Clinical and Population Studies

Lipoprotein(a) Is Associated Differentially With Carotid Stenosis, Occlusion, and Total Plaque Area

Jonathan H. Klein; Robert A. Hegele; Daniel G. Hackam; Marlys L. Koschinsky; Murray W. Huff; J. David Spence

From the Schulich School of Medicine and Dentistry (J.H.K., R.A.H., D.G.H., M.W.H., J.D.S.), University of Western Ontario, London, Canada; the Vascular Biology Group (R.A.H., M.W.H.), Robarts Research Institute, London, Ontario, Canada; the Department of Biochemistry (M.L.K.), Queen’s University, Kingston, Ontario, Canada; and the Stroke Prevention and Atherosclerosis Research Centre (D.G.H., J.D.S.), Robarts Research Institute, London, Canada.

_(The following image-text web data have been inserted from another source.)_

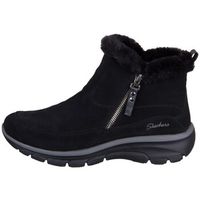 skechers botines easy going cool zip para mujer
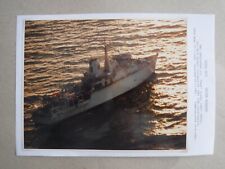 Hms cattistock m31 for sale  Shipping to Ireland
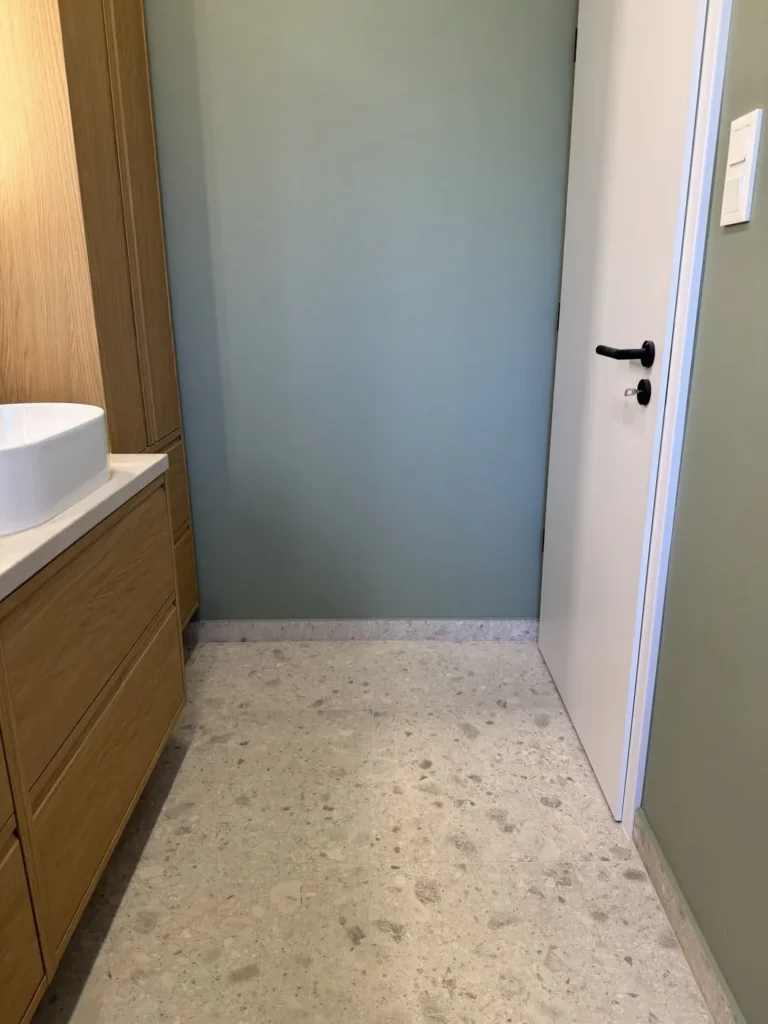 Lakásfelújítás projekt, TeleHome kivitelezés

Correspondence to Dr David Spence, Stroke Prevention & Atherosclerosis Research Centre, Robarts Research Institute, 1400 Western Road, London, Ontario, Canada N6G 2V2. E-mail dspence{at}robarts.ca

Background— Lipoprotein(a) [Lp(a)] is a putative risk factor for myocardial infarction and stroke and is related to thrombosis and impaired fibrinolysis. We studied relationships of Lp(a) with carotid stenosis, occlusion, and total plaque area, distinct phenotypes of atherosclerosis that may be differentially affected by cardiovascular risk factors.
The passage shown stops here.